Alguna vez le preguntaron a Stupía cómo sabía cuándo un trabajo estaba terminado. Y él contestó: “A veces me lo indica la imposibilidad material, física, de agregarle siquiera un punto. Es el cuadro el que me expulsa. A veces, es la evidencia de que debo ponerle un límite forzoso, forzado, a una relación con el cuadro que empieza a volverse híbrida, rancia”. Como invitados de honor a una fiesta, hay artistas cuyo talento estriba en retirarse justo a tiempo. Entonces se corren, abandonan el dibujo para que éste aprenda a calcular por sí solo el trayecto hasta el espectador y arremeta sobre él, sin vacilaciones, como una ola que se estrella contra el granito rugoso de un malecón.

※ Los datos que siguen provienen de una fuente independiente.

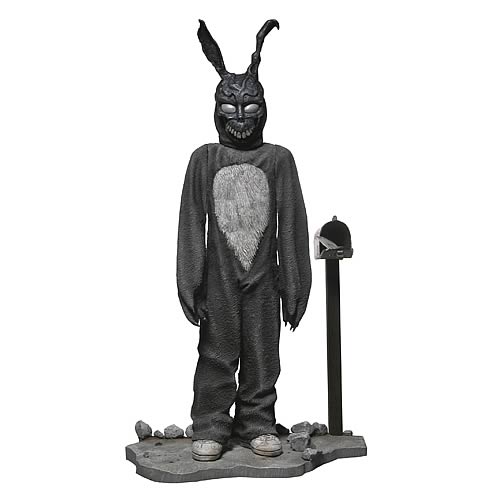 Donnie Darko Frank the Bunny 12Inch Talking Action Figure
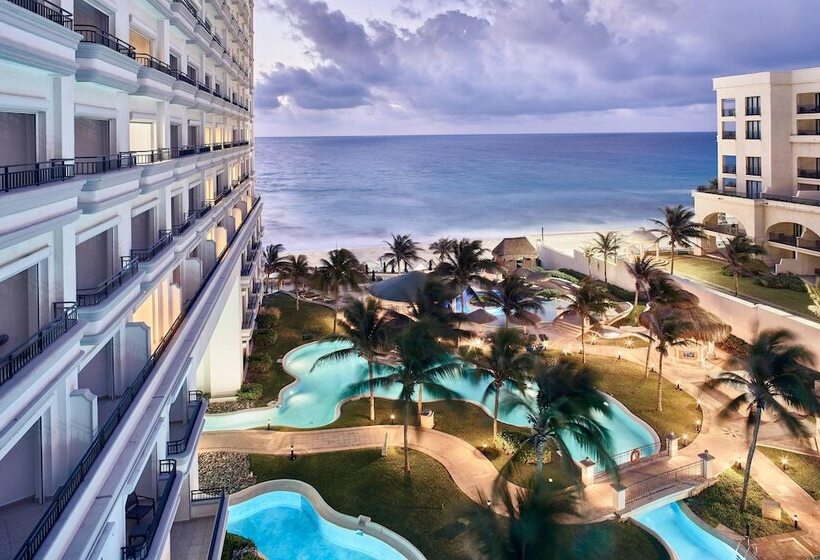 Habitación Premium Vista al Mar., Jw Marriott Cancun Resort & Spa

Desde hace un tiempo, aunque hay días en los que parece un siglo, el arte contemporáneo abandonó su función de ala visual de la casa de la poesía y mutó en una subdivisión supuestamente transgresora de la industria del espectáculo. Minado por la ironía, el arte se secó. Lo que Robert Hughes llamó el “shock de lo nuevo” se volvió “la academia de lo nuevo” y terminó convertido en “la industria de lo nuevo”. El panorama, si bien desolador, no hizo más que reforzar la satisfacción, poco afectada, que sobreviene en esos contados momentos en los que nos encontramos frente a una obra sincera como la de Eduardo Stupía.